Today, KJT is proud to support the 2021 WHD theme of ‘Hepatitis Can’t Wait,’ by promoting the importance of hepatitis C screening and sharing findings from past Hep-C research, sponsored by Vertex Pharmaceuticals Inc.

This US-based study, titled “Comparison of current US risk strategy to screen for hepatitis C virus with a hypothetical targeted birth cohort strategy” examines the results of risk-based screening methodologies, as compared to a targeted birth cohort strategy, focused on Baby Boomers born 1946-1964 (the population segment accounting for approximately 3/4 of chronic HCV infections among US adults).
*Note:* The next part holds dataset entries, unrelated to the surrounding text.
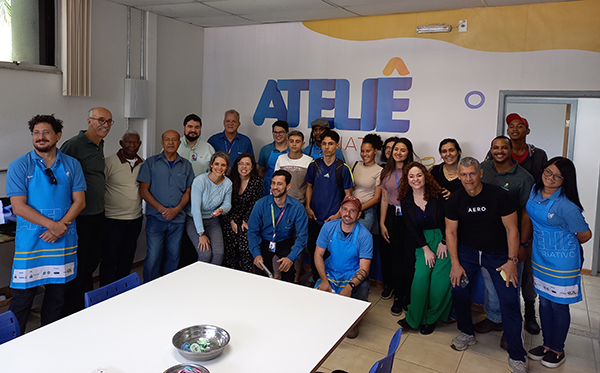 Ateliê Criativo capacita jovens de Duque de Caxias em oficina de design e economia criativa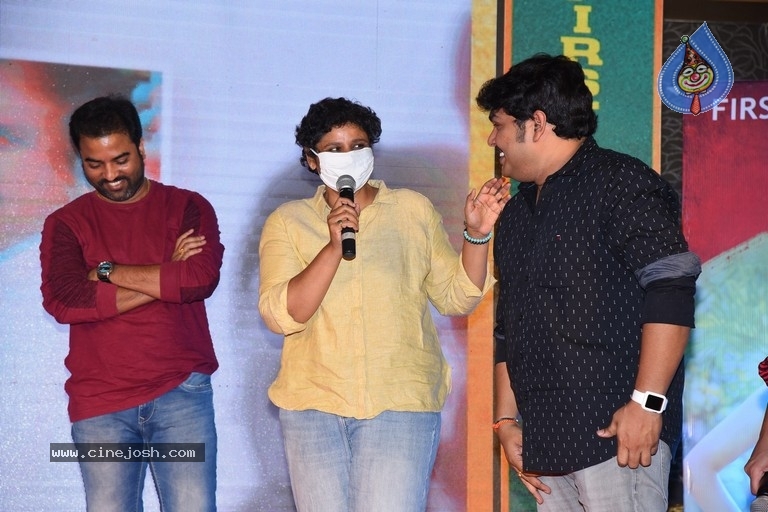 Gully Rowdy Press Meet - 15 / 29 photos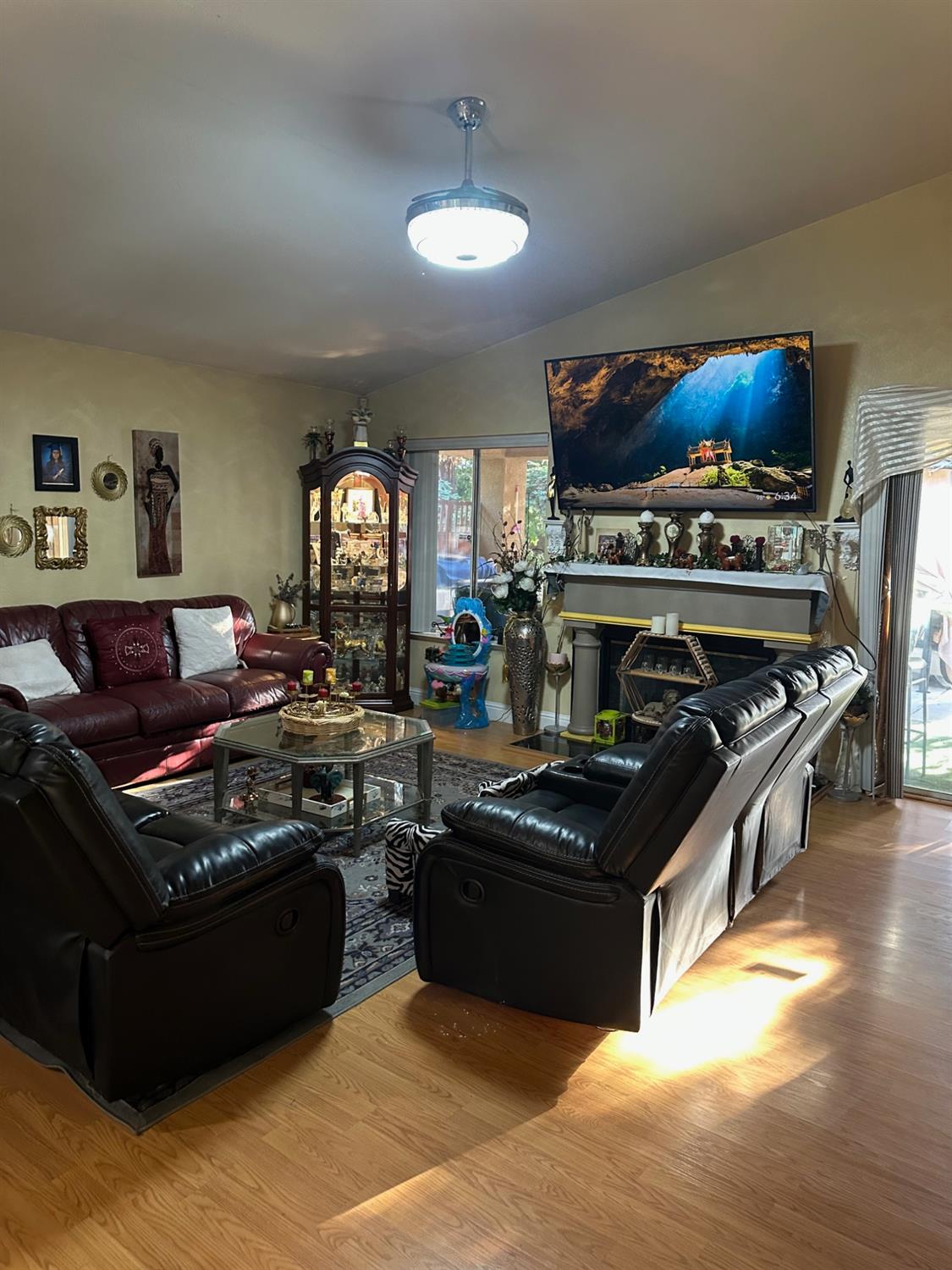 6675 N Lola Ave, Fresno, CA 93722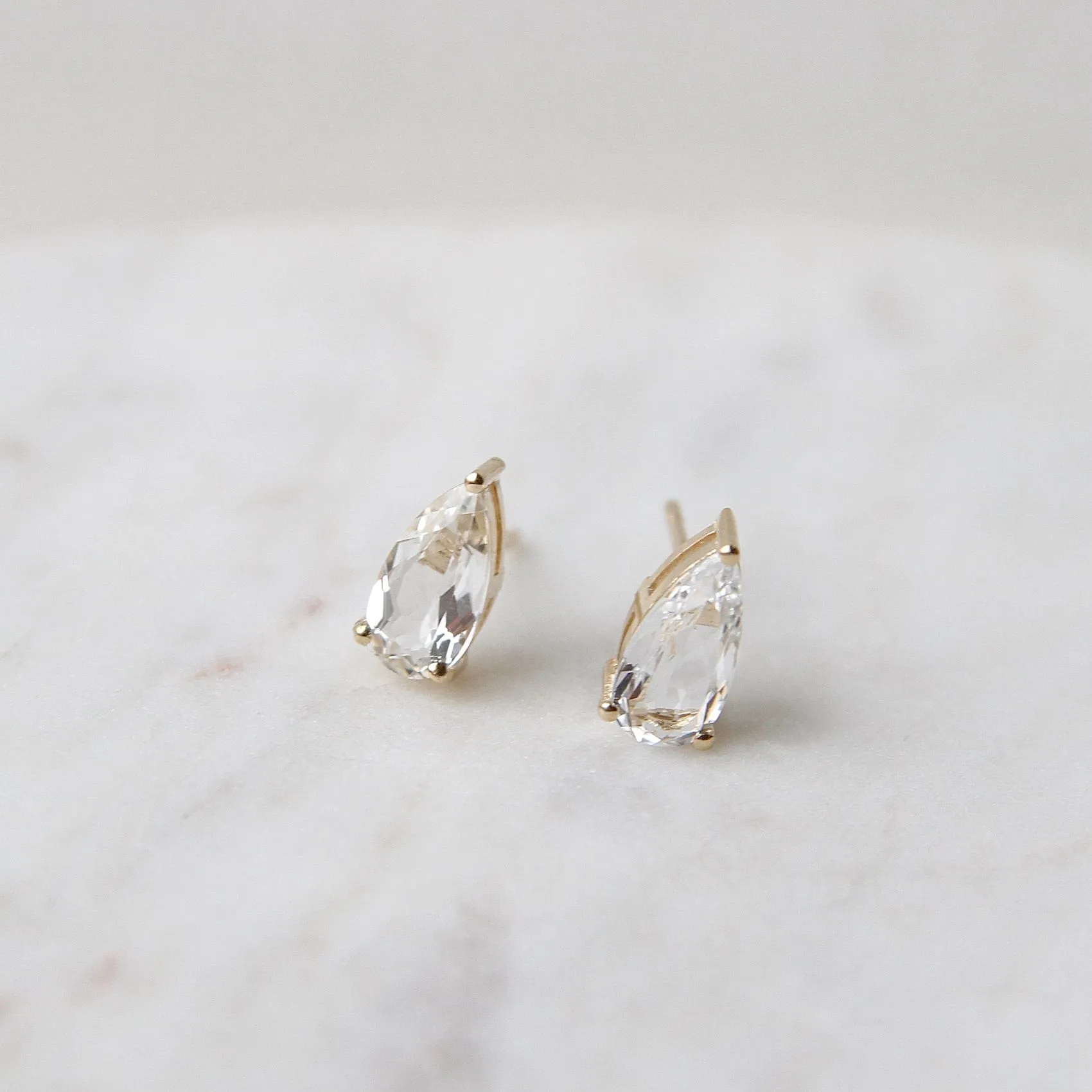 14k Yellow Gold Pear Shaped White Topaz Post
The report models theoretical results for both birth cohort and risk-based hepatitis C screening methods (the latter of which was enacted in 1998 by the CDC) – taking into account the significant discrepancy between the theoretical efficacy of risk factor screening and current estimates of the undiagnosed population, which indicates that implementation of this approach is impeded by such challenges as the stigma associated with disclosing high-risk activities (intravenous drug use, etc.) and the failure of physicians to consistently ask about them.

Due to the limited success of risk factor screening alone, the CDC augmented its guidance in 2012 to reflect a complementary approach to diagnostics, combining both risk-based hepatitis C screening alongside a birth cohort strategy with the recommendation that one-time hepatitis C screening also be done for persons born 1945–1965 (birth cohort) without ascertainment of risk.

Today, in an effort to further expand the reach of hepatitis C screening, the CDC now recommends that all adults be tested at least once, with more frequent testing for those who fall into high-risk categories. It is also recommended that pregnant women get tested during each pregnancy, except in settings where the prevalence of HCV infection is <0.1%.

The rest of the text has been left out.